> Provided data:
"""

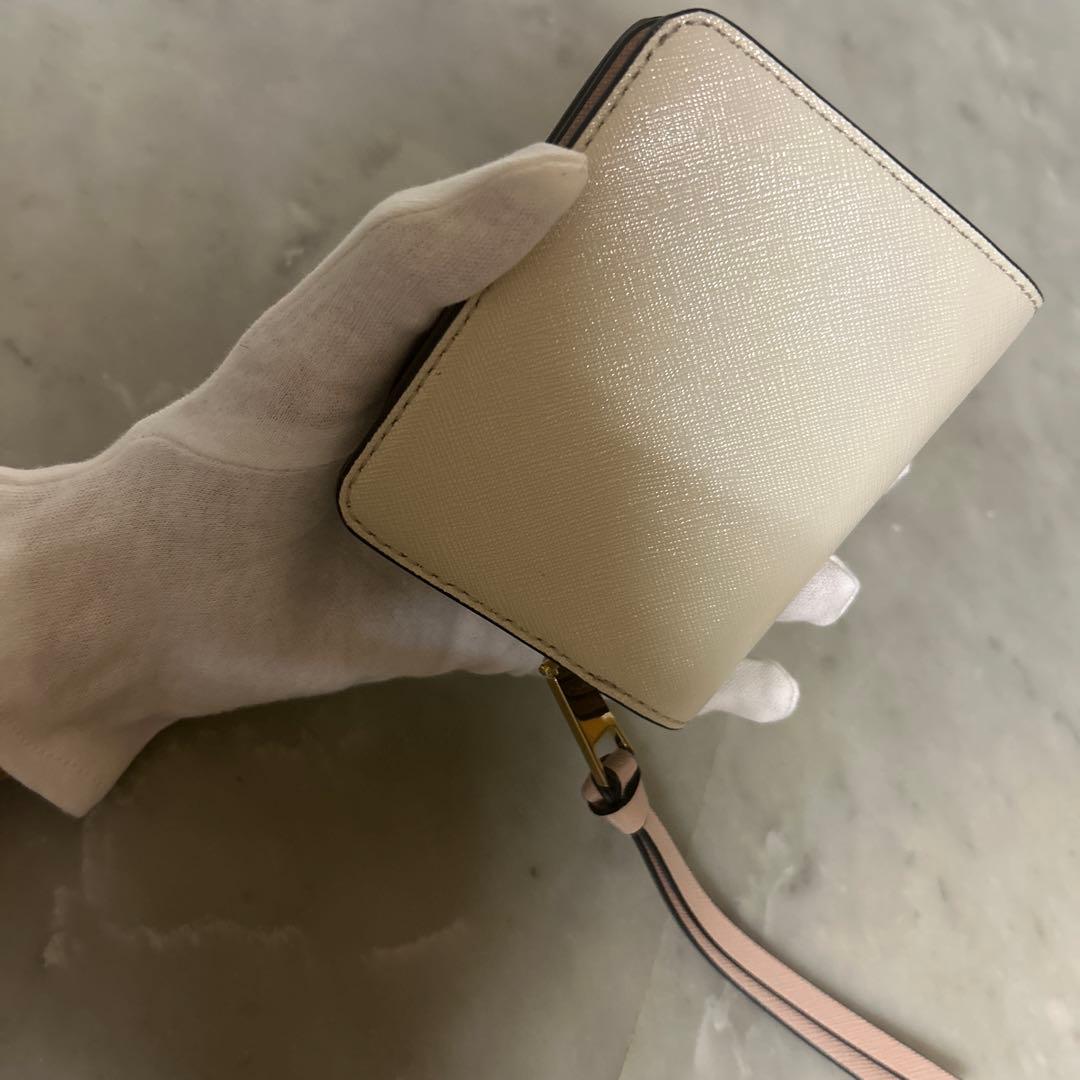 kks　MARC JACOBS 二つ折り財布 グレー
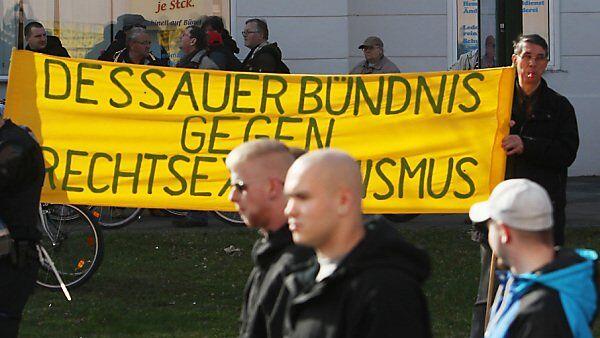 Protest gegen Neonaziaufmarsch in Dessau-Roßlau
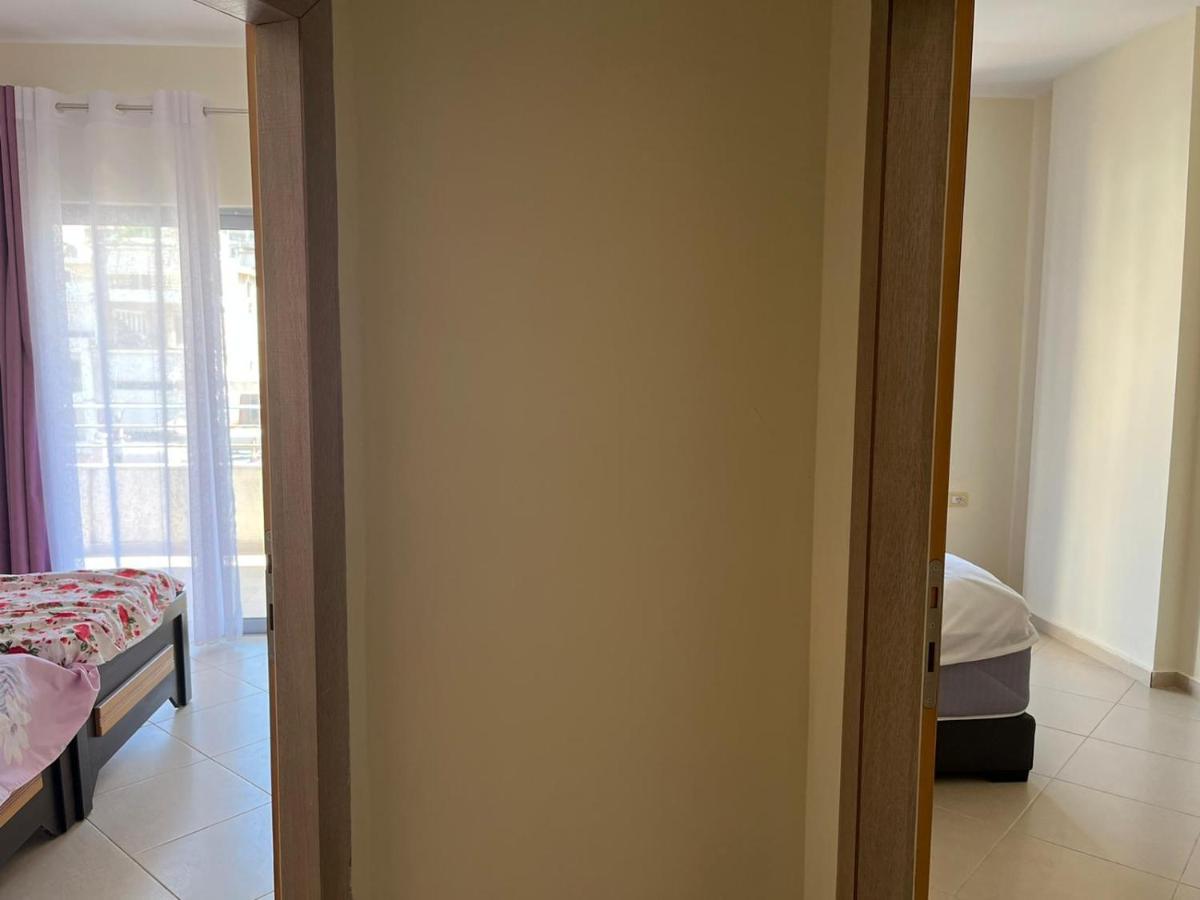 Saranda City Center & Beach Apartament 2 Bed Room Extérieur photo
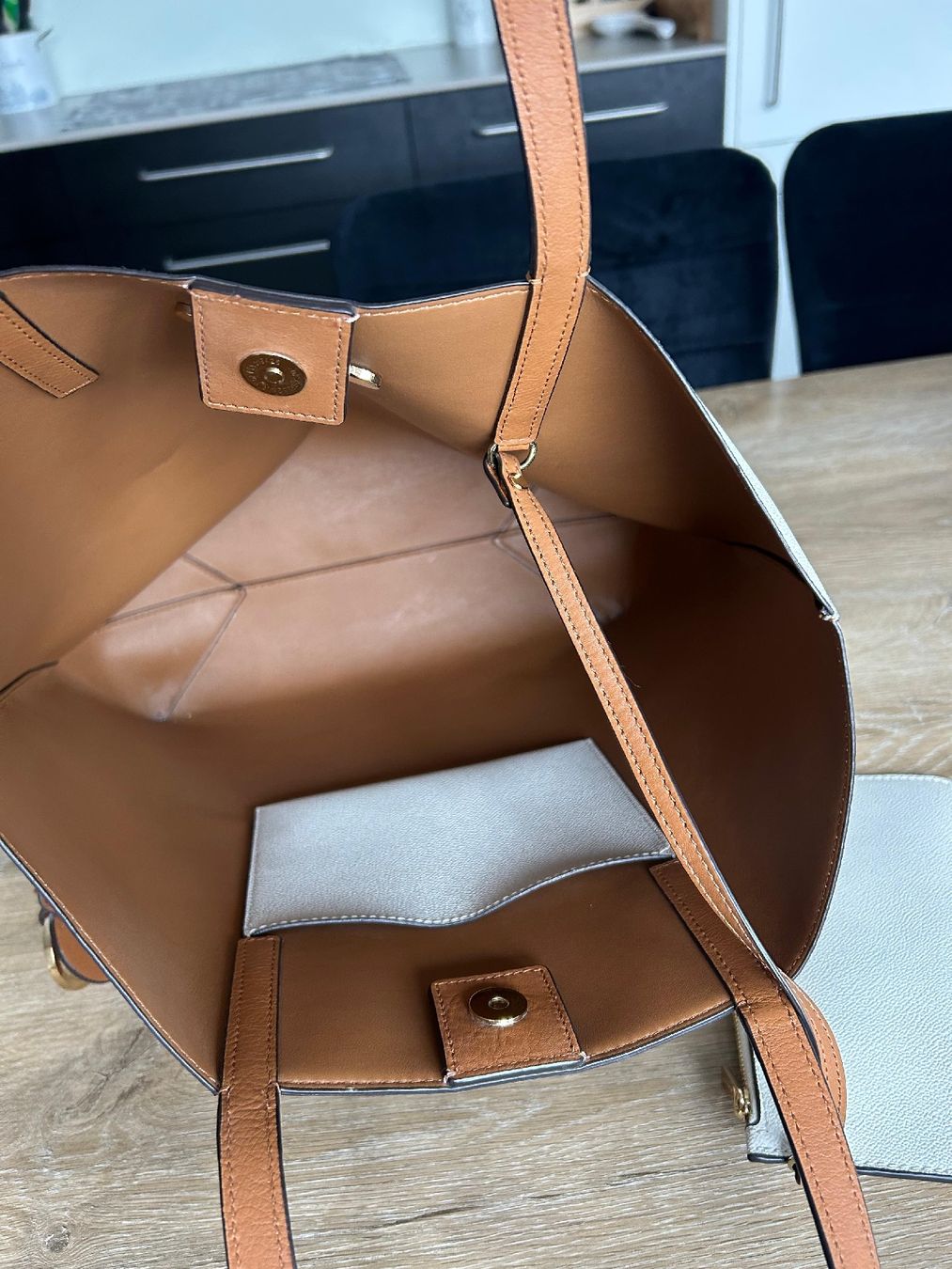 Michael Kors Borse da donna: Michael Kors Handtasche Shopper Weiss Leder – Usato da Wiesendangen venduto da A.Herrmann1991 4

"""

> Problem: Could you return the whole listing exactly, with every picture removed?

> Task response:
 kks　MARC JACOBS 二つ折り財布 グレー
 Protest gegen Neonaziaufmarsch in Dessau-Roßlau
 Saranda City Center & Beach Apartament 2 Bed Room Extérieur photo
 Michael Kors Borse da donna: Michael Kors Handtasche Shopper Weiss Leder – Usato da Wiesendangen venduto da A.Herrmann1991 4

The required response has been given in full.